Одним из факторов, характеризующих культурную ситуацию рубежа XIX–XX вв., является изменяющийся характер чтения сакрального текста. Продолжает расширяться и укрепляться давняя традиция чтения на основе выборки2, настойчиво заявляет о себе тенденция к обновлению традиционных трактовок. Однако главное заключается в том, что на первый план выходит читатель, взыскующий истины, интерпретирующий этот текст и прокладывающий к ней индивидуальный путь на основе собственного понимания.
Знаменательно появление в 1974 г. книги «Молитвенное чтение Священного Писания» Э. Бьянки, современного итальянского церковного деятеля, проповедника и богослова. Как полагает архимандрит Иосиф (Пустоутов), Э. Бьянки ратует за «возвращение к традиционному чтению и восприятию Священного Писания через святоотеческую традицию, через громадный духовный опыт монашества, опыт, накопленный Церковью Христовой за две тысячи лет ее земного бытия» [Иосиф (Пустоутов), архимандрит: 3]. Подчеркнем, что Бьянки делает акцент на «возвращении».
Толстой мыслил в другой перспективе: необходимо согласовать религию и современного человека, это предопределяет «основание новой религии, соответствующей развитию человечества[3], религии Христа, но очищенной от веры и таинственности, религии практической, <…> дающей блаженство на земле». Эту программную дневниковую запись от 4 марта 1855 г. он завершает словами: «Действовать сознательно к соединению людей с религией, вот основание мысли, которая, надеюсь, увлечет меня» [Толстой; т. 47: 37, 38].

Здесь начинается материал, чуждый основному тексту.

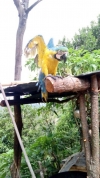 Guacamaya en pésimo estado, fue rescatada por la CDMB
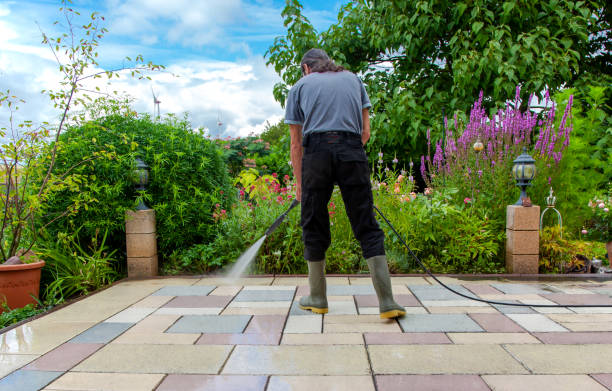 Best Winterizing Services  in Daytona Beach Shores, FL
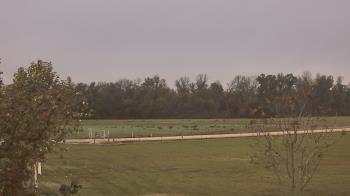 Weather camera view of Long Acres Ranch.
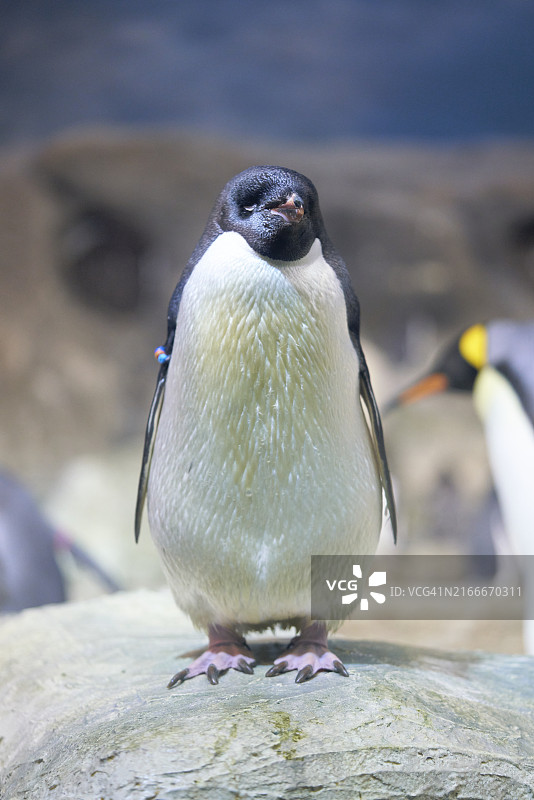马德里动物园：企鹅肖像图片素材
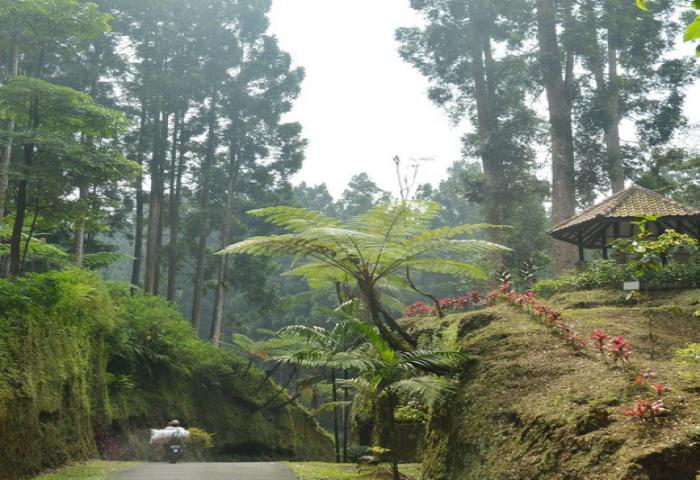 Kebun Raya Jembrana Dilengkapi Penjualan Bibit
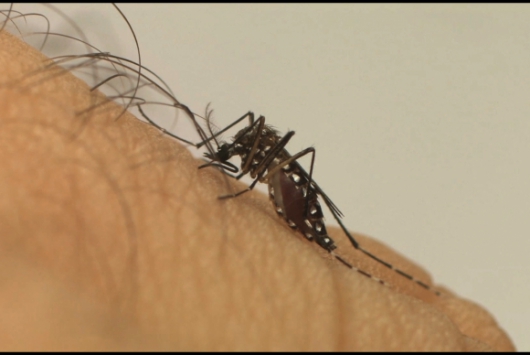 Mortes por dengue chegam a 19 em Minas Gerais, diz Secretaria de Saúde
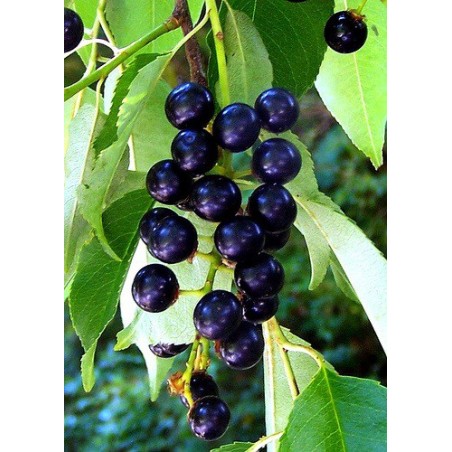 Prunus Serotina - 10 graines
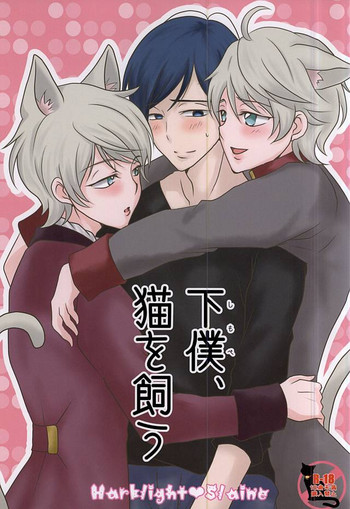 (SPARK10) [Aoi-Ro-Ramune (Fuyusaki Lamune)] Geboku, Neko o Kau (ALDNOAH.ZERO)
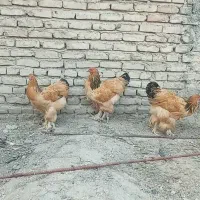 مرغ برهما بوف تخمگذار وارداتی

Толстой прокладывал свой путь к сакральному тексту; в его духовный опыт входило многолетнее и глубокое чтение Библии, при этом Ветхий Завет не был ему интересен. По мнению писателя, относящемуся к началу 1880-х гг., не всякое слово в Новом Завете истинно, и поэтому Церковь должна «отказаться от некоторых книг. Таковы — вполне Апокалипсис и отчасти Деяния Апостолов» [Толстой; т. 24: 17]. В Новом Завете писатель, как известно, выделил четыре Евангелия, а из них как важнейший текст — Нагорную проповедь (см. об этом: [Толстой; т. 66: 66–68]). Е. Г. Новикова справедливо утверждает: «Принципиальный отказ Толстого от акта воскресения Иисуса Христа обусловил его восприятие Евангелия как "великих правил" нравственности, которые могут стать опорой для нравственного воскресения человека; ключевая роль в этом принадлежит Нагорной проповеди» [Новикова, 2020: 62].
Именно и только в евангельских книгах нужно, по убеждению Толстого, «отыскивать самые главные основы учения, не сообразуясь ни с каким учением других книг» [Толстой; т. 24: 17]. Толстой находит в Евангелии понятное ему, то, что ложится на уже имеющийся у него жизненный опыт и отвечает его разуму. Его чтение отличается неприятием религиозной мистики и обусловлено поиском ответов на исходные вопросы «что такое я, что такое Бог», а также «единой основы всего откровения» [Толстой; т. 24: 17].
Толстой создал фундаментальный для его дальнейшего творчества труд, названный «Соединение и перевод четырех Евангелий». Он шел к познанию истины аналитическим путем (выборка и систематизация), а его работа на пути приближения к архаическому тексту имела филологический характер (читал по-гречески, переводил с опорой на «лексиконы», учитывал опыт существующих переводов [Толстой; т. 24: 18]).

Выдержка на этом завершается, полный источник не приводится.